Hood is a great school and training ground; treat it with the respect, effort, preparation and honesty it demands of you, and you'll do fine, and have a great time. If you can find it, make every effort to read "On Snow and Rock", by the very great French guide Gaston Rebuffat. While some of the gear and technique is dated, the chapters on training and preparation are timeless and essential, as true and accurate now as when they were first written; the language and photos are beautiful, poetic and inspiring, and the spirit and wisdom are clear, strong, deep and profound.

 

Rebuffat was a very great climber, guide and alpinist, and a very great man; study and learn the things he has to teach, and they will take you to the far corners of the earth, and the summits of the greatest peaks. And you will also become worthy of the title of climber and alpinist.

 

 

Edited by Mtguide
Posted
In poor visibility, do NOT follow the natural fall line down from the summit. That will tend to lead you over onto the Lower Zigzag glacier and a possible fatal fall off the top of Mississippi Head.

This is true, but here's a navigation tip if you make this error...

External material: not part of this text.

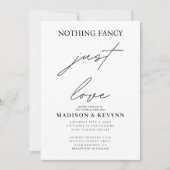 何ファンシーも愛し結婚ない 招待状 (正面)
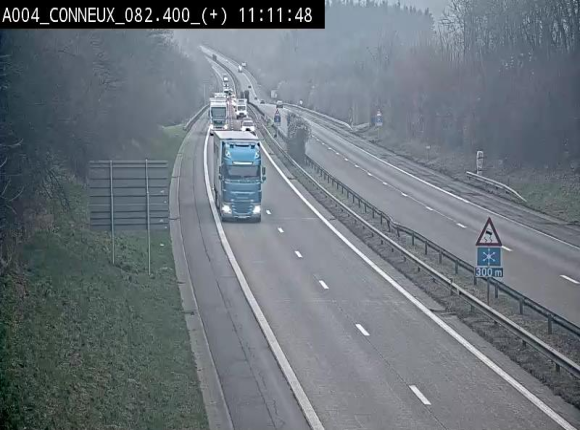 Webcam à hauteur de Conneux sur l'E411 en direction du sud de la Belgique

If the visibility is even ten feet (it can be zero) you can actually use this feature as a navigation aid. In actuality if you follow the fall line you will likely encounter Big or Little Zig Zag Canyon, instead of Mississippi Head, which is several hundred yards to the north. Where people usually get in trouble is they drop down into one of those canyons, then continue west down into the trees and eventually get cliffed out. Instead, when you reach the corniced edge of either canyon, go south (skiers left) perpendicular to the fall line. If you are on skis just stay on as shallow a line as possible and you will hit the lift station at the bottom of the Magic Mile ski run.

Posted

Thanks Mtguide! I intend to practice my navigation skills as much as possible before attempting this. I have actually signed up for a navigation class (can't wait) and read several books, but I can be book taught all I want but it won't matter if I have no experience.

 

I have several fall back plans as my friend is coming in from New Orleans and of course the weather can be fickle. I don't want to take any chances! I appreciate the advice.

Posted (edited)

That's not a bad idea, pcg; very practical and simple solution, if, as you say, someone does make that error. And actually visibility of ten feet is certainly workable. And you're probably correct as well about getting into Big or Little Zig Zag Canyon, since in poor or zero visibility, people who are moving with no sense of direction or without following a compass bearing (or even if they DO think their sense of direction is good) will tend to curve to skier's right over the distance, rather than drop straight over Mississippi Head. But that has happened a few times though, and I was just trying to get people to stay away from the whole area in the first place. But, a good thing to keep in mind in a pinch.